What the exercise asks => Going from the top of the listing below to the line that holds "Chariot de bar", reproduce each line exactly; no pictures.

++++++++++++++++++++

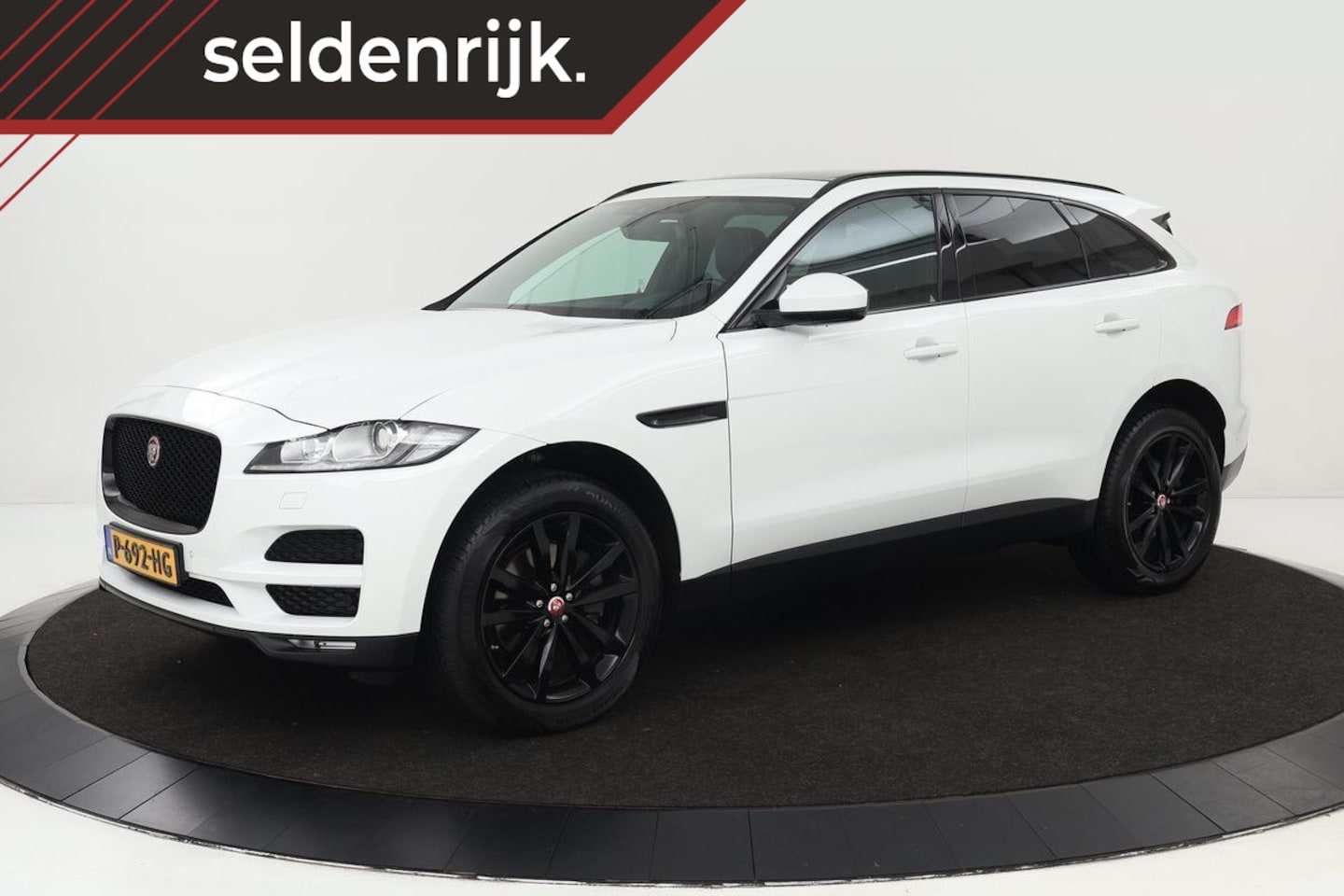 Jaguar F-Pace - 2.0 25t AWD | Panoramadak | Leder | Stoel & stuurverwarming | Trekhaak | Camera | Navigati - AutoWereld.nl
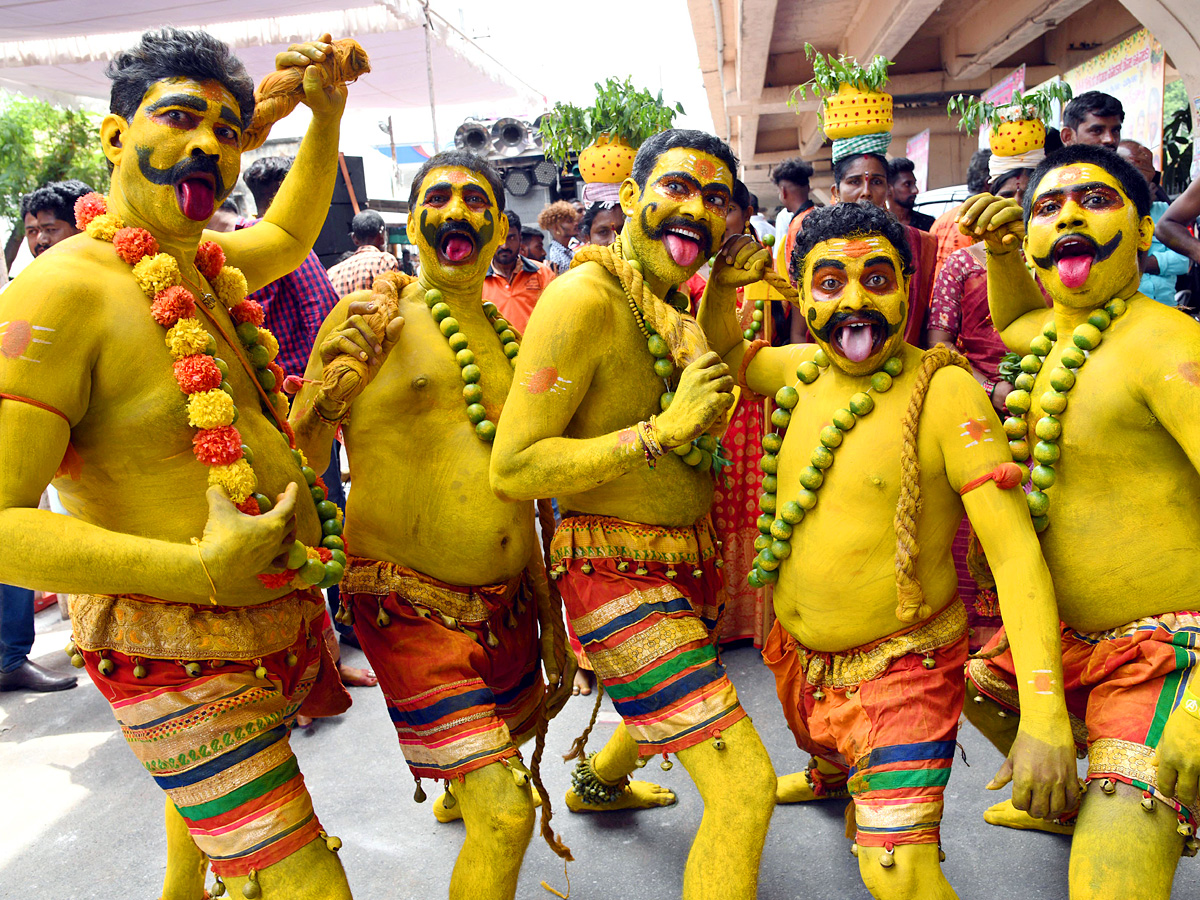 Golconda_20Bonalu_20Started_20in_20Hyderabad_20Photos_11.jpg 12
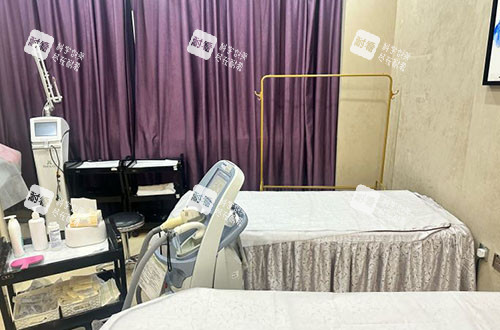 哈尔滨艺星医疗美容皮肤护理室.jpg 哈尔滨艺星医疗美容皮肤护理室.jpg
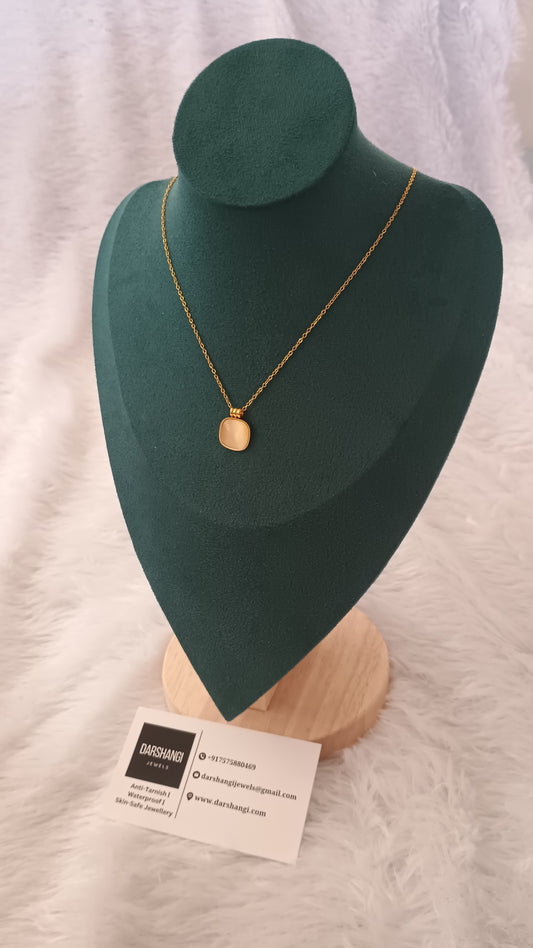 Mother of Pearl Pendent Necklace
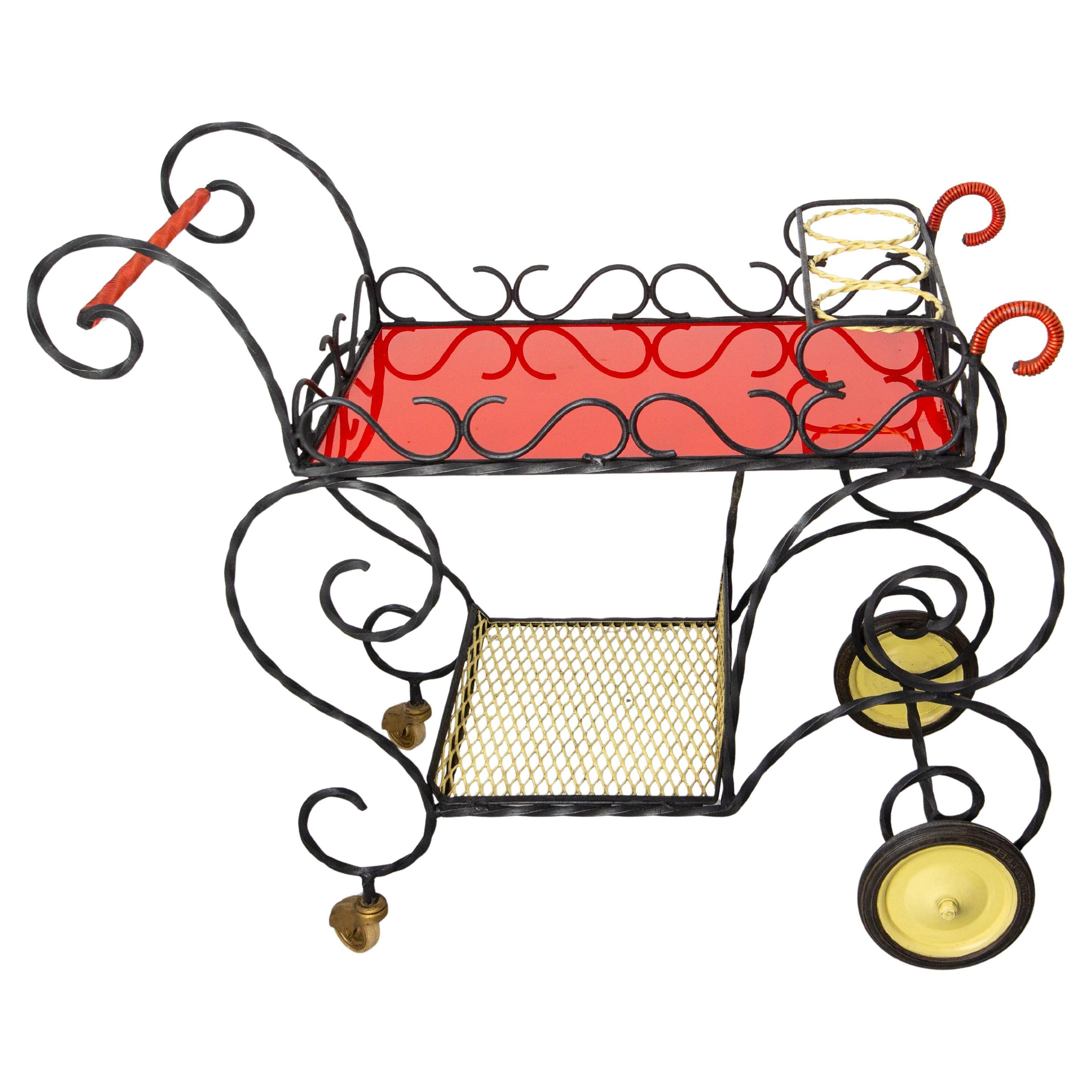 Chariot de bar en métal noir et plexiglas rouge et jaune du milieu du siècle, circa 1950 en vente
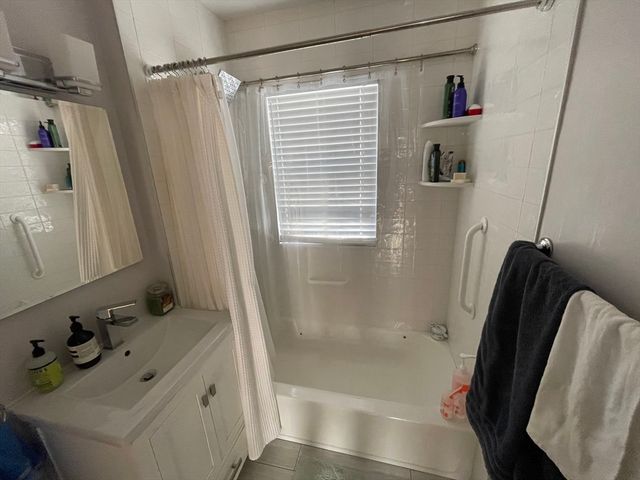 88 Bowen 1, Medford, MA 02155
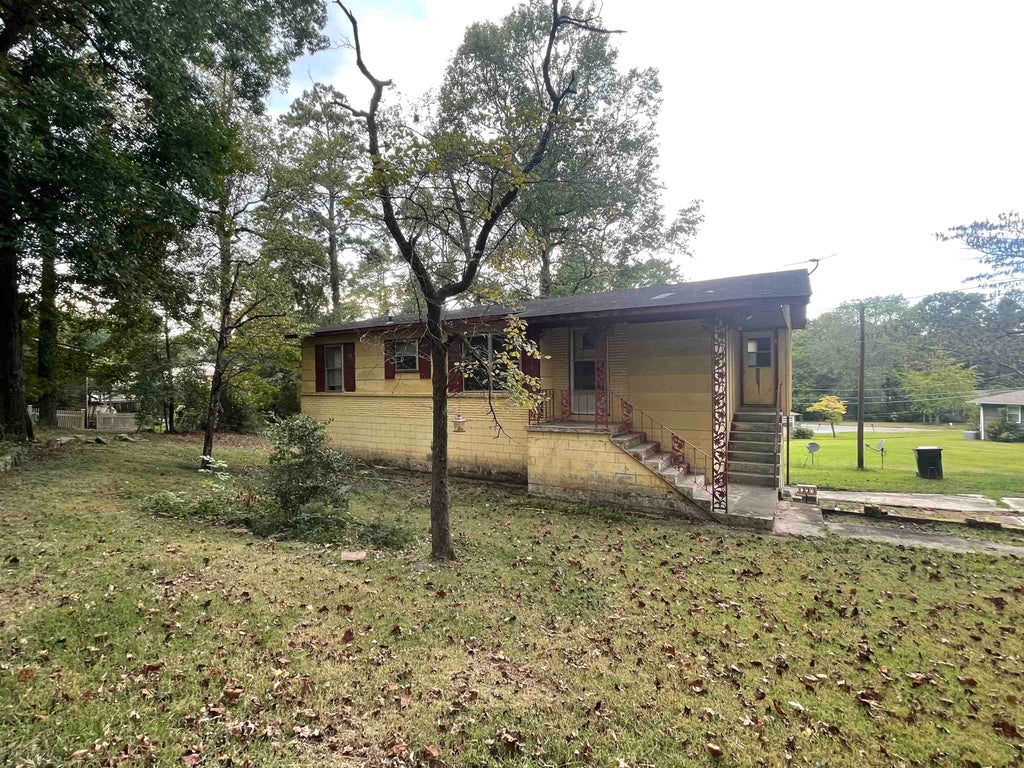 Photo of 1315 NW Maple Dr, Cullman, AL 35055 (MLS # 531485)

++++++++++++++++++++

Solution to this task =>
 Jaguar F-Pace - 2.0 25t AWD | Panoramadak | Leder | Stoel & stuurverwarming | Trekhaak | Camera | Navigati - AutoWereld.nl
 Golconda_20Bonalu_20Started_20in_20Hyderabad_20Photos_11.jpg 12
 哈尔滨艺星医疗美容皮肤护理室.jpg 哈尔滨艺星医疗美容皮肤护理室.jpg
 Mother of Pearl Pendent Necklace
 Chariot de bar en métal noir et plexiglas rouge et jaune du milieu du siècle, circa 1950 en vente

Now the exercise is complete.